Bioorg Med Chem Lett. 2021 Nov 15;52:128384. doi: 10.1016/j.bmcl.2021.128384. Epub 2021 Sep 26.
In previous work, we discovered a lead compound and conducted initial SAR studies on a novel series of dioxotriazines to identify the compound as one of the P2X3 receptor antagonists. This compound showed high P2X3 receptor selectivity and a strong analgesic effect. Although not selected for clinical development, the compound was evaluated from various aspects as a tool compound. In the course of the following study, the molecular structures of the dioxotriazines were modified based on pharmacokinetic/pharmacodynamic (PK/PD) analyses. As a result of these SAR studies, Sivopixant (S-600918) was identified as a clinical candidate with potent and selective antagonistic activity (P2X3 IC, 4.2 nM; P2X2/3 IC, 1100 nM) and a strong analgesic effect in the rat partial sciatic nerve ligation model (Seltzer model) of allodynia (ED, 0.4 mg/kg).

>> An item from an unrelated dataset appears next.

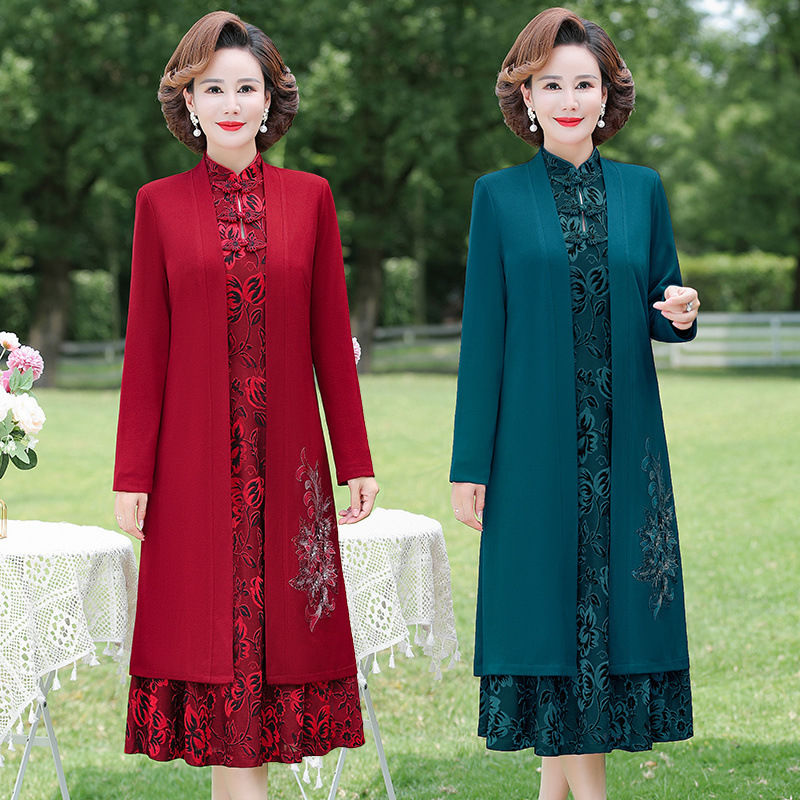 春秋款妈妈连衣裙两件套装气质高贵中老年女秋装高档洋气长袖裙子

在之前的工作中,我们发现了一个先导化合物,并对一系列新型的二恶嗪进行了初步的 SAR 研究,以确定该化合物为 P2X3 受体拮抗剂之一。该化合物对 P2X3 受体具有高选择性和强烈的镇痛作用。尽管没有被选为临床开发的药物,但该化合物从各个方面都被评估为一种工具化合物。在随后的研究过程中,根据药代动力学/药效学(PK/PD)分析对二恶嗪的分子结构进行了修饰。通过这些 SAR 研究,确定 Sivopixant(S-600918)为一种具有强大和选择性拮抗活性(P2X3 IC,4.2 nM;P2X2/3 IC,1100 nM)和在大鼠部分坐骨神经结扎模型(Seltzer 模型)中具有强烈镇痛作用的临床候选药物,用于治疗痛觉过敏(ED,0.4 mg/kg)。